Сказав это, доктор побелел и закрыл глаза. Джаспер увидел, как его веки задрожали.
Мальчик помнил сестру Спун. Она и правда была очень доброй. Как могла, пыталась облегчить боль пациентов. Она часто присматривала за Джаспером, когда родители оставляли его в Больнице Странных Болезней, а дядюшка был занят на операции. Она была очень молодой, носила чепчик и у нее была такая теплая улыбка. Она совсем не подходила для этого города, и он частенько думал, что ее прислали сюда по почте из места, где все хорошо, и люди любят других людей. Она очень сильно отличалась от прочих медсестер Больницы Странных Болезней, злобных, старых и скрюченных, ненавидящих пациентов и лебезящих перед важными докторами. Сестра Спун была единственным светлым пятнышком в жутком месте без надежды, куда люди попадают, когда им очень плохо. Однажды ее нашли на полу в больничной котельной, избитую и изорванную так, что от нее живого места не осталось. Ходили слухи, что это сделали прочие медсестры, но никто так и не был наказан. Доктор Доу ушел со своего поста заместителя главного хирурга вскоре после случившегося. За все эти годы он ни разу не произнес имя сестры Спун, и Джаспер решил, что сейчас это произошло из-за того, что все еще действует горемычный порошок, который заставляет дядюшку говорить то, чего он не хочет.

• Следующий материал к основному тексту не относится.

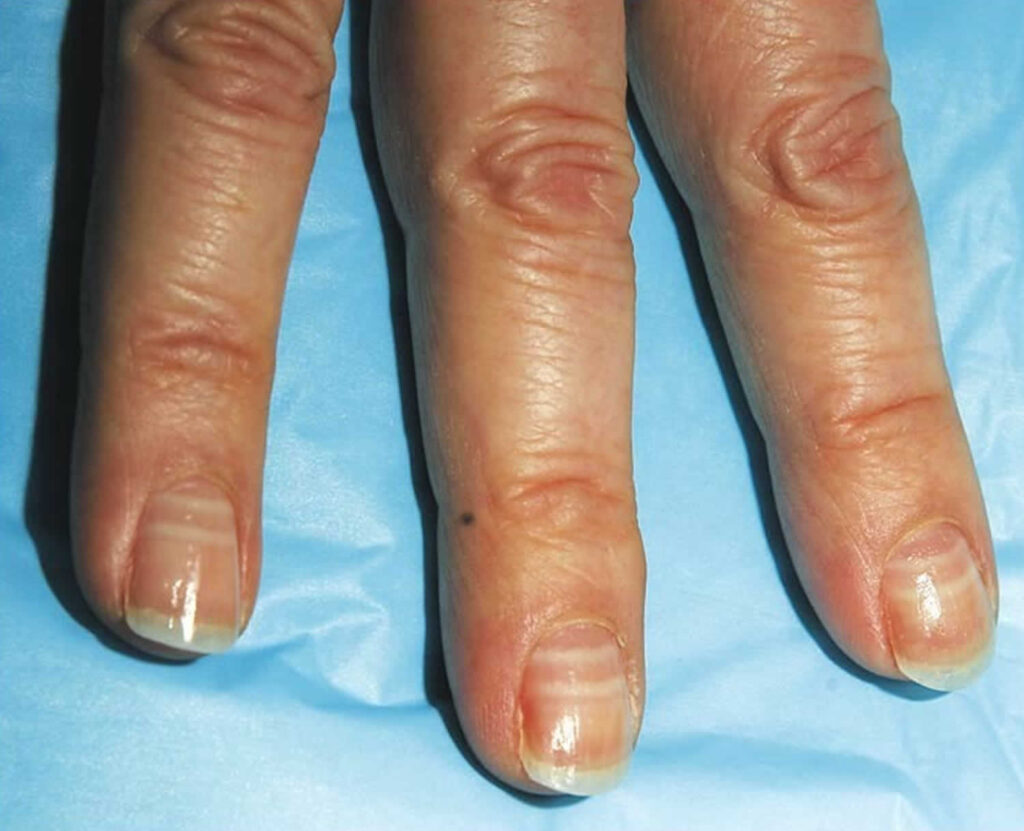 <ol><li><p><span style="color: rgb(29, 147, 96);"><strong>edema</strong></span></p></li></ol><ul><li><p><span style="color: rgb(21, 24, 23);">periorbital </span><span style="color: rgb(29, 147, 96);">(<strong>face</strong>)</span></p></li><li><p><span style="color: rgb(11, 14, 13);">generalized </span><span style="color: rgb(29, 147, 96);"><strong>anasarca </strong>(<strong>abdomen, genitals, legs</strong>)</span></p></li></ul><ol start="2"><li><p>weight <span style="color: rgb(244, 105, 105);"><strong>gain</strong></span></p></li><li><p><span style="color: rgb(105, 74, 239);"><strong>ascites</strong></span></p></li><li><p><span style="color: rgb(192, 172, 46);"><strong>frothy dark</strong></span> urine</p></li><li><p>pallor <span style="color: rgb(225, 68, 183);"><strong>white lines</strong></span> in nails (Muehrcke)</p></li><li><p><span style="color: rgb(79, 140, 219);"><strong>anorexia</strong></span></p></li><li><p><span style="color: rgb(222, 90, 90);">lethargic/irritable/fatigue</span></p></li></ol><p></p>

Джаспер хотел сказать что-то утешительное, но все, что приходило ему на ум, казалось глупым и бессмысленным. Все это могло лишь сильнее разозлить дядюшку.
— Он выветрится, — пообещал Джаспер, и вдруг оказалось, что это было именно то, что требовалось. Дядюшка тяжело вздохнул.
Мальчик продолжил:
— Я знаю. Я же тоже им дышал. Но он выветрится, и твое противоядие…
— Это не противоядие. Это был ликер «Круазетт». Он немного меня успокаивает.
— Знаешь что? — улыбнулся вдруг Джаспер. — Ты и правда плохой человек. Ты сломал варитель. Выместил злость на бедняжке.